Data supplied Start Marker

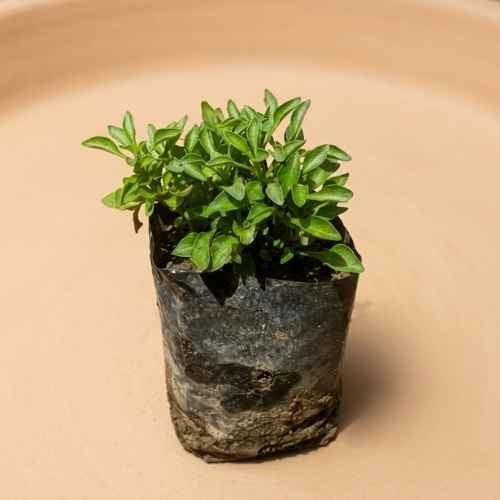 Alanthara Plant In 3 Inch Nursery Bag
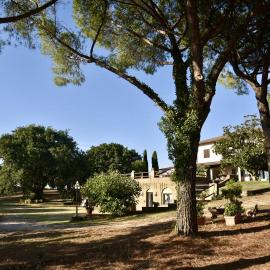 Casa Vacanze Madrechiesa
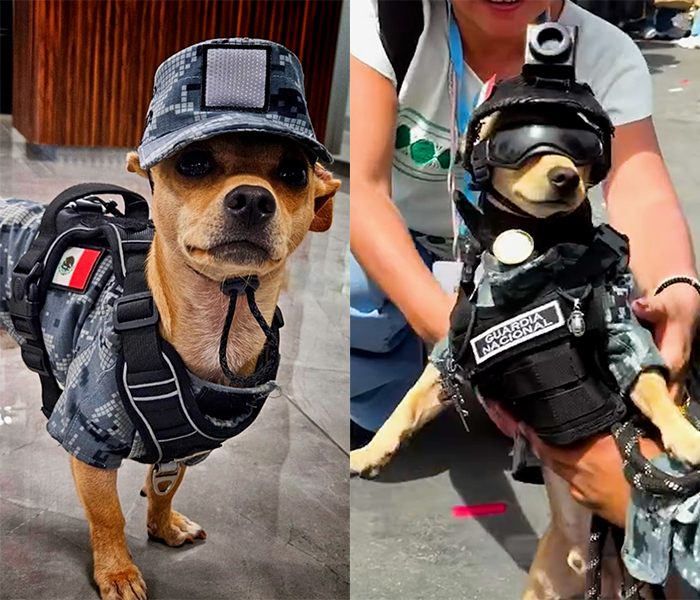 출처=Comando Chihuahua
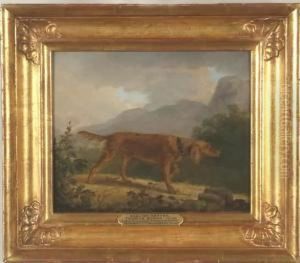 Titled, setter In A Landscape Titled, setter In A Landscape
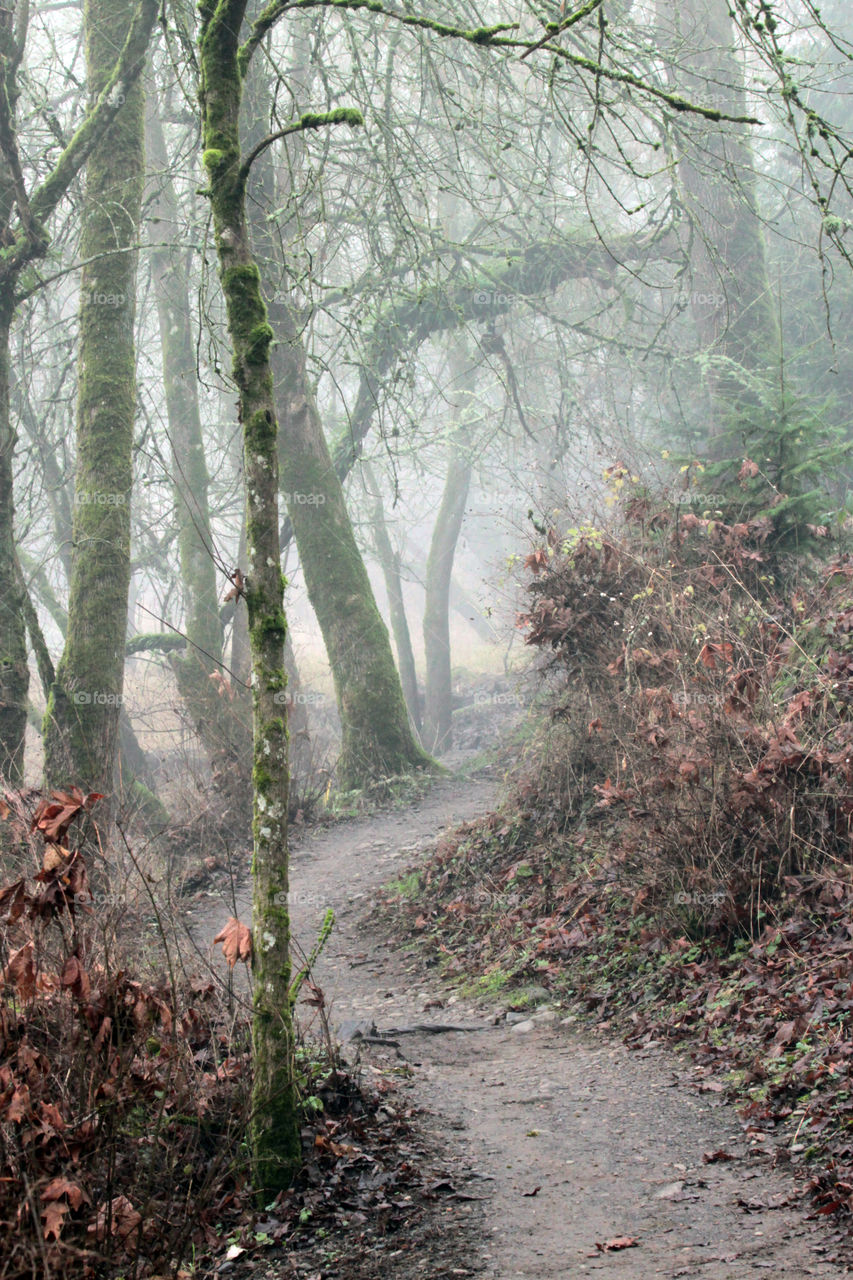 Foggy morning at Oaks Bottom wildlife area, Portland Oregon 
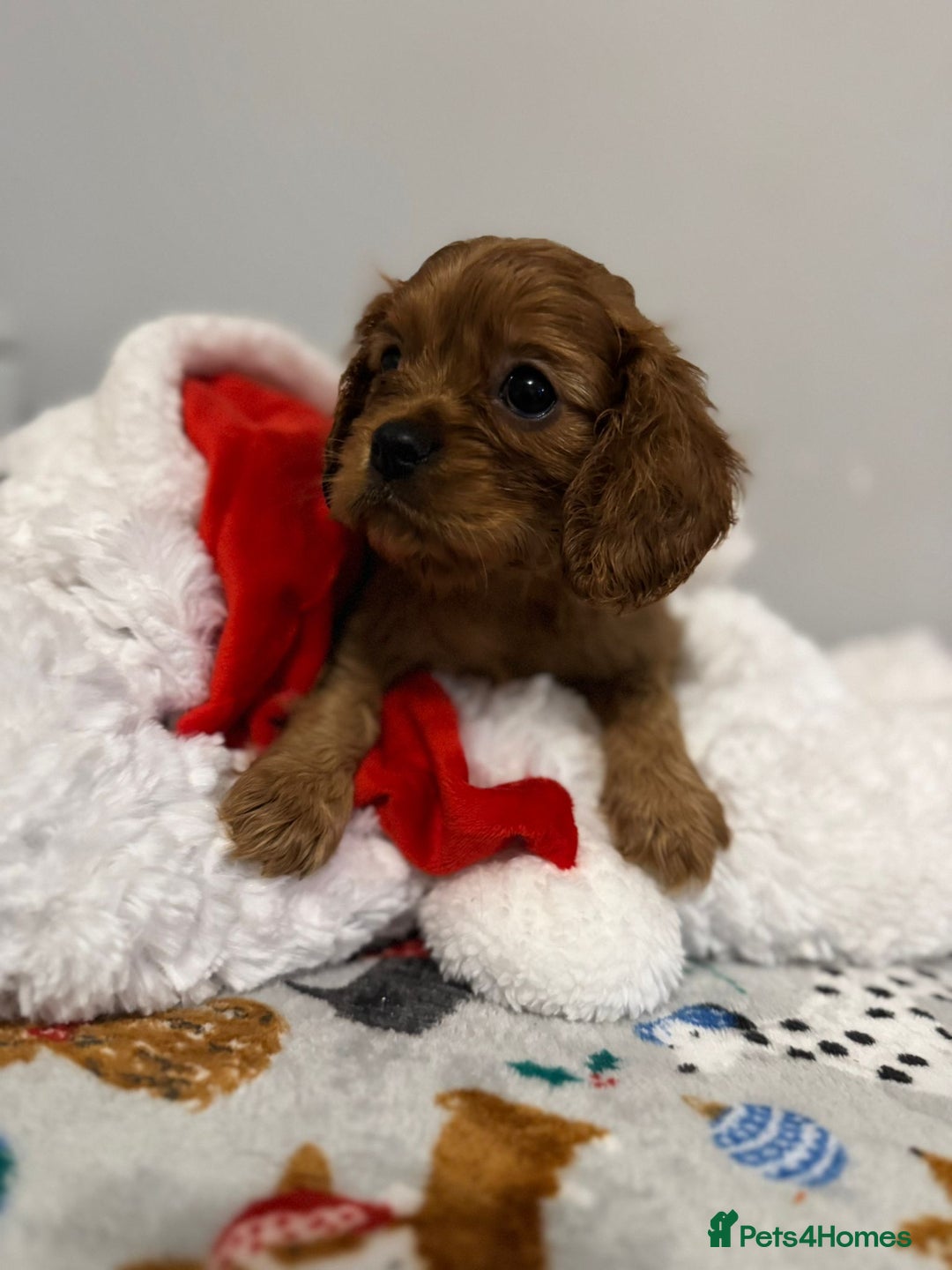 Cavalier King Charles Spaniel dogs for sale: Cavalier King Charles Spaniel Pups KC Reg - Advert 33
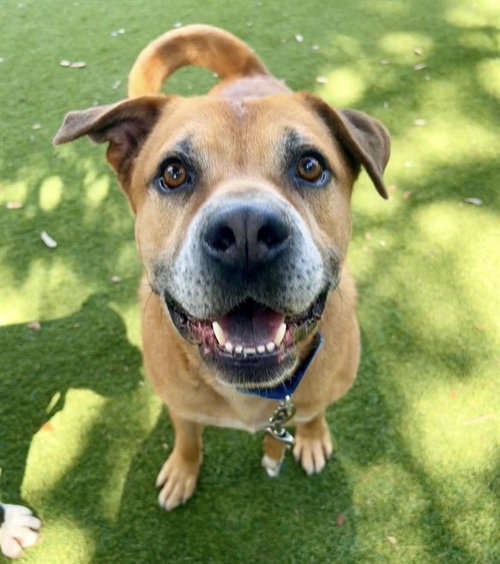 CAPITAN, an adoptable Black Mouth Cur in Miami, FL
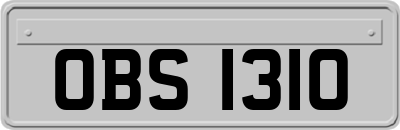 OBS1310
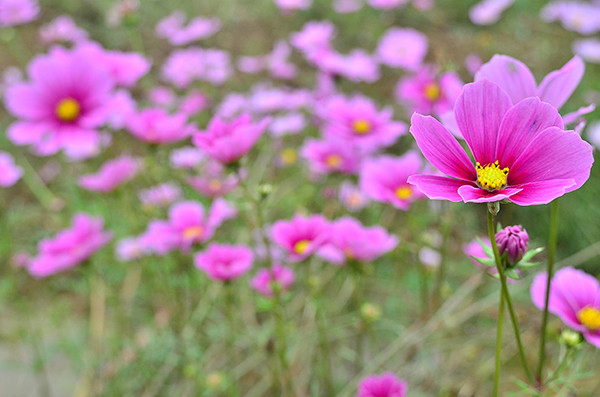 2014�����컨�ȶ�����ͼ����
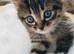 British long hair mix kittens
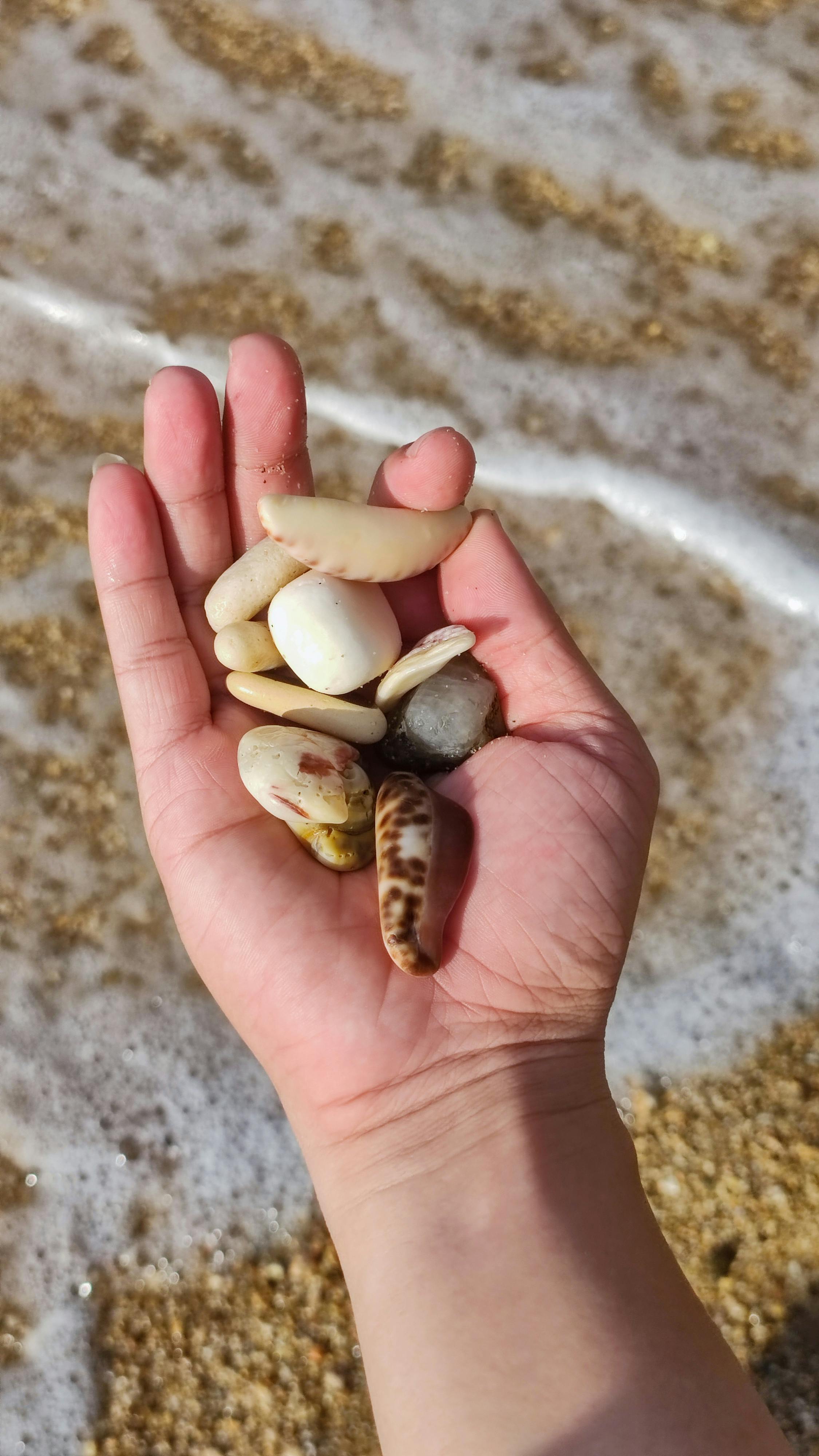 Cuộc săn lùng tàu tháng 10 đỏ | Chương 16
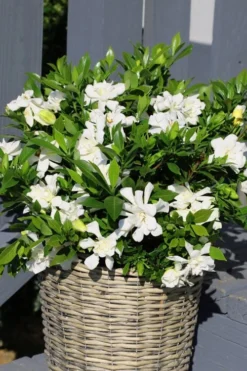 Celestial Star Gardenia - 1 Gallon Pot 8 Celestial Star Gardenia - 1 Gallon Pot -Plant Promotion Store gardenia celestial star 3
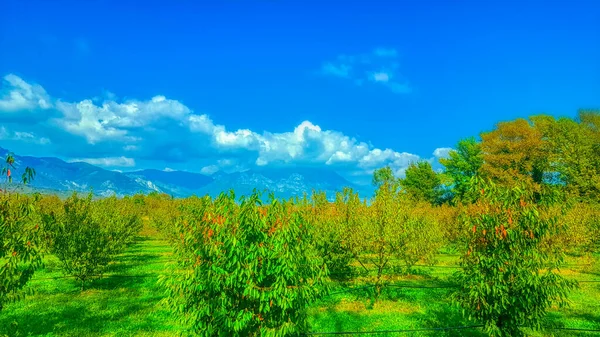 Campo Granja Jardín Manzanos — Foto de Stock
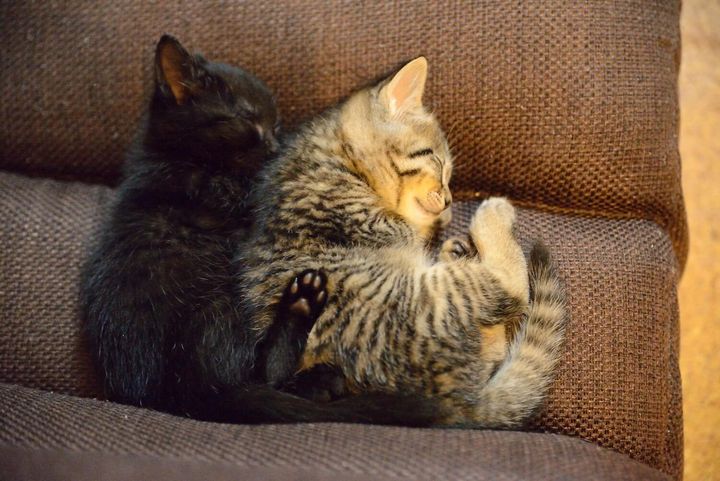 キジトラ猫と黒猫の幼少期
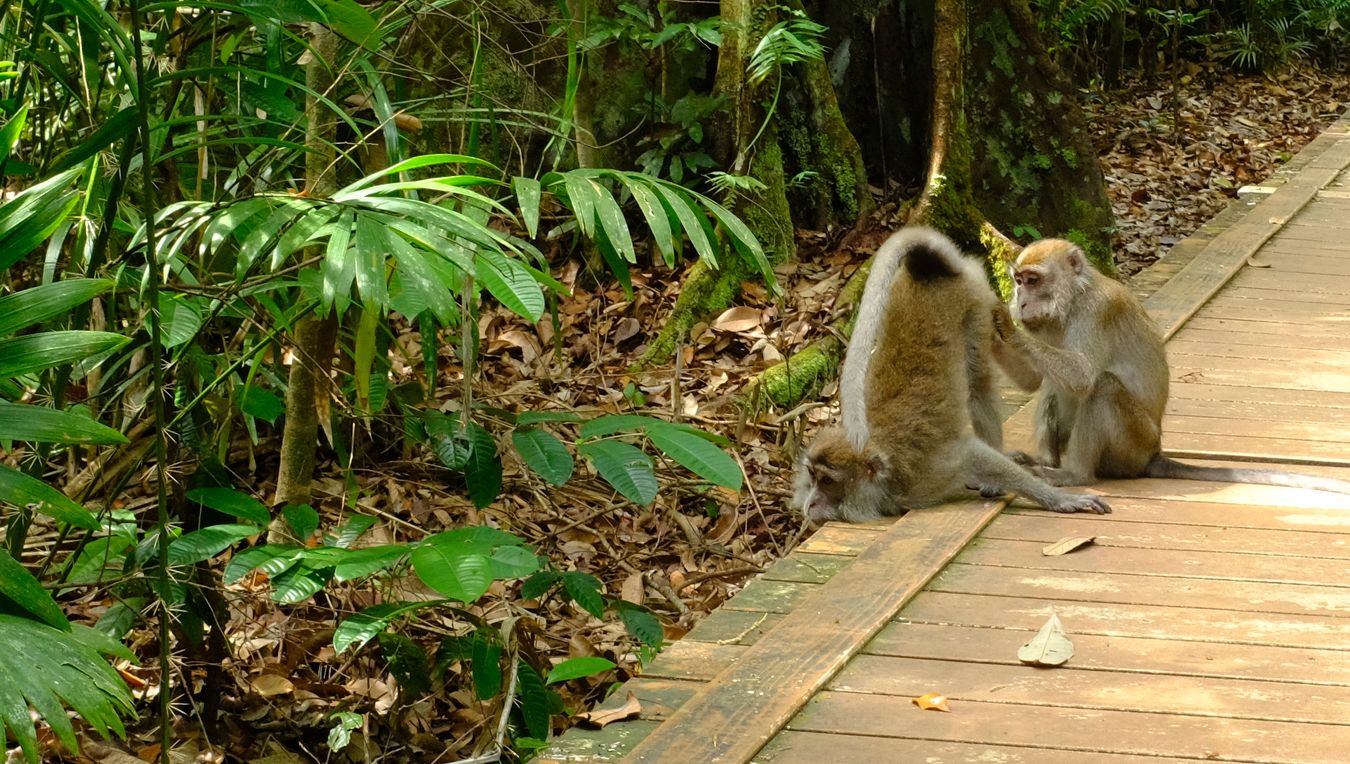 long Tailed Macaque { Macaca Fascicularis }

Data supplied End Marker

The line containing "Campo Granja Jardín Manzanos — Foto de Stock" and every line after it, up to the last line of the data, should be returned exactly, without the pictures.

Answer for the task:
 Campo Granja Jardín Manzanos — Foto de Stock
 キジトラ猫と黒猫の幼少期
 long Tailed Macaque { Macaca Fascicularis }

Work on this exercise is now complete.